The periodicals produced by New Right groups in the orbit of the National Revolutionary movement – such as Sache des Volkes (SdV) and the Solidaristische Volksbewegung (SVB) – are particularly valuable sources for tracing these continuities, shifts, and reorientations of the far right over several decades. Central attention is paid to publishers and intellectual figures such as Henning Eichberg, Lothar Penz, and Siegfried Bublies, who played a key role in shaping discourses on nature, the environment, and health and appropriating design elements from the New Left. Their work reveals how far-right ideologies – nationalism, racism, and antisemitism – were combined with anti-colonial, anti-imperialist, regionalist, and ecological demands, thereby laying the foundations for a “New Right” that presented itself as modern, progressive, and alternative.

The project therefore focuses on National Revolutionary periodicals such as Neue Zeit (1975–1986), Rebell (1971–1980), Sol (1974–1979), and Wir selbst (1979–1992). Although these publications have received little attention in academic research, they are widely referenced today in new-right intellectual circles. Therefore, examining these sources can help us to understand how the far right has been able to regain such a strong influence in the 21st century. Discourses on nature, the environment and health are particularly revealing because they demonstrate the attempts of the far right to influence public debates, adopt protest movements and reinterpret everyday practices. These strategies have been further developed in the social media era, but were already evident in the counter- and alternative media of the 1960s to 1980s.

Source example:

Sol – Organ der solidarischen Volksbewegung (SVB), 1975.

“Away with the specter of human alienation! We are in danger of becoming soulless robots in a materialistic, uniform civilization of capitalist or communist technocrats! Already, having lost our instincts and morals, we are serving the crime of global destruction of nature, culture, peoples, and races. However, without national identity, there can be no social bonds, no humane society!”

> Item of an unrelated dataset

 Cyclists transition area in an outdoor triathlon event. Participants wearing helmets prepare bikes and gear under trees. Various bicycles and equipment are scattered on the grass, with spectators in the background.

While the drawing adapts the visual elements and universalist claims of the environmental movement, the text reveals the far-right agenda: not only is the environment threatened by capitalist-industrial society, but national identity and “racial purity” are also in danger of disappearing. This shows how the discourses and aesthetics of an environmental movement perceived as left-wing are subtly but unequivocally linked to far-right views.